The vast difference between the articles was surprising; on the one hand, France was encouraging their Black models to wear their natural hair while presumed American commentors harassed a woman for wearing her natural hair. Why?

The answer is simple. According to madamenoire.com, the average amount of money African American women spent on weaves was $507 billion in 2009 and that number is projected to grow to $761 billion by 2017.  Black women have become so dissatisfied with their hair that they are willing to shell out hundreds of dollars just to “look pretty.” The average Black woman spends about $800 on a weave, which is enough to pay my cell phone bill for at least two years. And not all of them get the results they achieved. In an Essence article, one woman claimed she was unhappy with her hair, even though she looked nice. She didn’t feel as beautiful as she expected to feel with her $800 weave.
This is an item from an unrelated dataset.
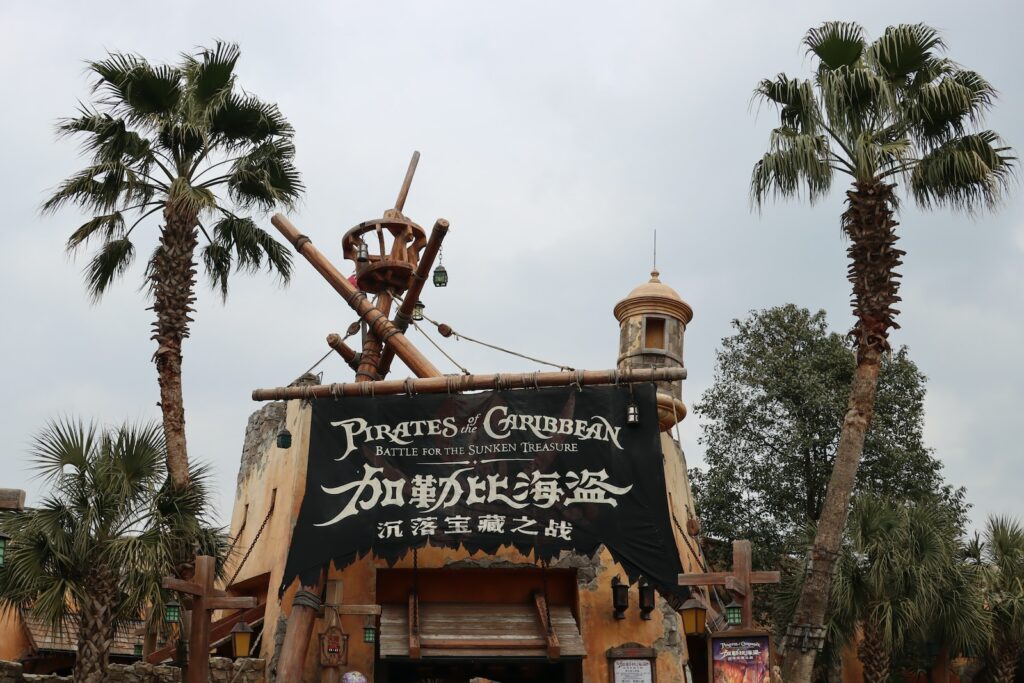 a sign for pirates of the carriben with palm trees in the background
Black women have been brainwashed into this idea that in order to be beautiful, you cannot show your natural self. And it’s a shame. Because some of the most beautiful hairstyles I have seen are natural hair styles, where someone has taken the time and effort to let their natural beauty show through.

So, if weaves are your thing, then go ahead. Be fabulous. But if you are just wearing weaves and relaxers because you feel your natural hair isn’t pretty enough, then stop. Be the beautiful person you are and let the world see the beautiful crown you have been blessed with.